Q3. 向かい風のときはどう投げればいい?
向かい風では低い弾道で投げるのがセオリーです。オーバーヘッドキャストのリリースポイントを少し遅め(10時〜11時の方向)にすることで、弾道が低くなり風の影響を減らせます。遠州灘は「遠州のからっ風」と呼ばれる強い西風が吹くことが多いので、風向きに応じてサイドキャストに切り替える判断力も大切です。
Q4. 子どもにキャスティングを教えるコツは?
小学校低学年以下のお子さんには、まずアンダーハンドキャストだけ教えましょう。オーバーヘッドは腕の力と身長が必要で、小さい子には難しい投法です。ロッドは5〜6フィート(1.5〜1.8m)の短めの竿が扱いやすく、リールは小型の1000〜2000番がおすすめ。「ボウリングみたいに前に放すんだよ」と伝えると、子どもはすぐにコツをつかみます。浜名湖ガーデンパークの芝生で親子で練習するのも良い思い出になりますよ。
Q5. PEラインだとキャスティングは変わりますか?
PEラインはナイロンに比べてしなやかで軽いため、飛距離は出やすくなります。一方で、風に流されやすく、スプールから一気にラインが出る「バックラッシュもどき」が起きることも。PEラインでのキャスティングでは、フェザリングをより丁寧に行うことと、フロロカーボンリーダーを1.5〜2m接続して先端の重さを確保することがポイントです。
Q6. 投げサビキや投げウキの場合、キャストの注意点は?
仕掛け全体が長く重い投げサビキや投げウキ仕掛けでは、垂らしを短めにして、ゆっくり大きく振るのがコツ。素早く振ると仕掛けが絡みます。

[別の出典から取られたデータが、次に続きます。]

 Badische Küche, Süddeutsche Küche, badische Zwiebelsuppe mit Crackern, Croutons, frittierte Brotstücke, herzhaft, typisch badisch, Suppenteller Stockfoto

また、コマセカゴ(撒きエサの入った籠)が付いている場合、カゴの重さでロッドが大きくしなるため、普段よりリリースを気持ち早めにすると安定します。
まとめ|3つのキャストを身につけて、浜松の釣り場を攻略しよう
キャスティングは釣りの基礎であり、上達すればするほど釣果に直結するスキルです。最後にこの記事のポイントを振り返りましょう。

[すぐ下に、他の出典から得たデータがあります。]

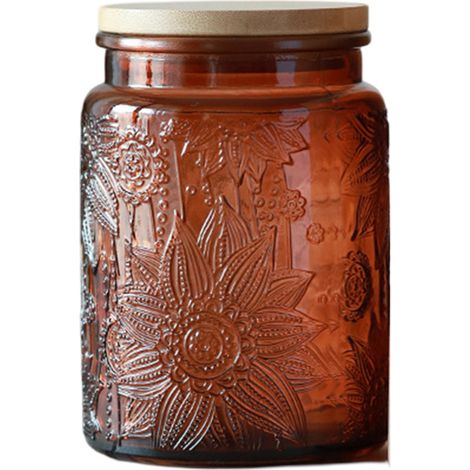 1 bocal en verre, conserve hermétique avec couvercle en bambou et joint silicone, 700 ml, 14 x 9,5 cm, pour thé, café, bonbons, biscuits et épices (1/5)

- オーバーヘッドキャスト:遠投に最適。遠州灘サーフや広い堤防で使う。頭上から振り下ろし、11時の方向でリリース
- サイドキャスト:頭上に障害物があるときの味方。浜名湖の橋桁下やテトラ脇で活躍。体の正面でリリース
- アンダーハンドキャスト:近距離の精密投法。混雑した護岸やサビキ釣りに最適。振り子の要領でソフトに投入
- 共通のコツ:力まず7割の力で、竿のしなりに仕掛けを乗せる。リリースポイントを安定させるのが最重要課題
- 安全第一:投げる前の後方確認は絶対ルール。フェザリングで着水をコントロールする習慣も早めに身につける
まずは天竜川の河川敷や遠州灘海浜公園で、オモリだけつけた気軽な練習から始めてみてください。30分×3回で、世界が変わります。そして浜名湖の護岸でアンダーハンド、遠州灘のサーフでオーバーヘッドと、場所に合わせてキャストを使い分けられるようになったとき、あなたの釣りは間違いなく次のステージに進んでいます。
さあ、竿を持って外に出ましょう。最初の1投が、あなたの釣り人生を変えるかもしれません!